Originally, Seongmin was the student I was closest to, but as time went on, Byeongchan, Kwonwook and Changhyeon, his very close friends, started coming by the office during lunch to find him, or after school to wait to walk home together.

Byeongchan is one of the two who I referred to in the previous post -- the two who were, earlier this year, repeatedly molested by a group of older men in Jongno. The other student who was molested used to always be seen by Byeongchan's side, but shortly after it happened, they split off from one another. I don't know the specifics of why, but I have some idea. As I'm sure you do as well. Byeongchan and Changhyeon are hard to discuss separately, because they are always together, and they've been always together since they were in the first grade. Kwonwook completes their traveling trifecta. Seongmin is a little separated out, simply because he is an A ban student, and they are B ban, in all subjects. He naturally runs with a different crowd, because his class time is spent with other students.

Byeongchan is gay. I would bet my life that Changhyeon is also gay, but I've never heard anything to confirm this. But I feel it in the same way that I felt that Byeongchan and Seongmin were gay from the very first day that I met them. I don't believe that Kwonwook is, but I have no way of knowing.

Have you got all that? I feel like a Russian novelist. I'm sorry.

At any rate, as these students were hanging around the office waiting on Seongmin, they began to peck around in what little English they had between them, with Seongmin filling in a lot of the gaps as he wandered about sweeping, to speak with me. The real bonding moment came when they started flipping through my Korean book, which I'd left out on my desk and realized what level I was at. After that, all language shackles were shrugged off. We were BFF.

It might be important to note that this happened after the end of the first semester, which means that I am no longer teaching these boys and will not ever teach them again. After that happens, I allow a lot of lines to be crossed that remain very firm while I am still dealing with students in a classroom setting.
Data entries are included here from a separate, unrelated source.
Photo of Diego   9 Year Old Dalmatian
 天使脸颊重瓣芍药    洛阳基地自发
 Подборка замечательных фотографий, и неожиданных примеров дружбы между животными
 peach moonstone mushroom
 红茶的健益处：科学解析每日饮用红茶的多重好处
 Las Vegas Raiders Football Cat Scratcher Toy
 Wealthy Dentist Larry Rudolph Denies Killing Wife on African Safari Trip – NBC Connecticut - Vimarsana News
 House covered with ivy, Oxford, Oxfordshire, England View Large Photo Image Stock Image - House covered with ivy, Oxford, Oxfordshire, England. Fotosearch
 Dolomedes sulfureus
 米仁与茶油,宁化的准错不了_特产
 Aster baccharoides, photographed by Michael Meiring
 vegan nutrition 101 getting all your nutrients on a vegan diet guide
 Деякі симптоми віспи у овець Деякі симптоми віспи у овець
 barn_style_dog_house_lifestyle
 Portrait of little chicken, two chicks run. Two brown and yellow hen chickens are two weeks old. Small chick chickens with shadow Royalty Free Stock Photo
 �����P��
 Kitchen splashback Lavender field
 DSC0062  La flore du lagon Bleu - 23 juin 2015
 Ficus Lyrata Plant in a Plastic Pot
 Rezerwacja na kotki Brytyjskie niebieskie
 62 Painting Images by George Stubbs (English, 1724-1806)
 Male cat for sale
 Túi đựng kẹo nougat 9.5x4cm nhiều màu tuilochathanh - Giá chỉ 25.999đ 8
Hence the speaking in Korean.

Anyway, the situation developed to where they were no longer coming to the office to find Seongmin. Now, they finish their lunch in a hurry every day and spend the remaining forty minutes in my office annoying me. Peeking over my shoulder at my computer monitor, digging through my materials for their 후배 that week, analyzing and tsking over my Korean homework, asking me nosy personal questions and eating anything edible that I have. In fact, their feelings got very hurt earlier this week when I was editing an exam during lunch time. They were fooling around by my desk occasionally interrupting me to ask some inane thing, until HT told them that I was working, that they were noisy and that they needed to get out. That was on Monday. Tuesday, they didn't come. Yesterday, only Kwonwook had the guts to show his face, and even then he spent the first ten minutes wandering in tentative circles around the office muttering about where Seongmin was, although we both knew full well he was down in their classroom.

Kwonwook is by far the loudest, although Byeongchan is not far behind. Kwonwook wants to be a pet shop owner, and Byeongchan wants to be a fashion designer. He wants to make clothes like the ones that Lady Gaga, his favorite singer, wears. Changhyeon is very quiet and not sure what he wants to be.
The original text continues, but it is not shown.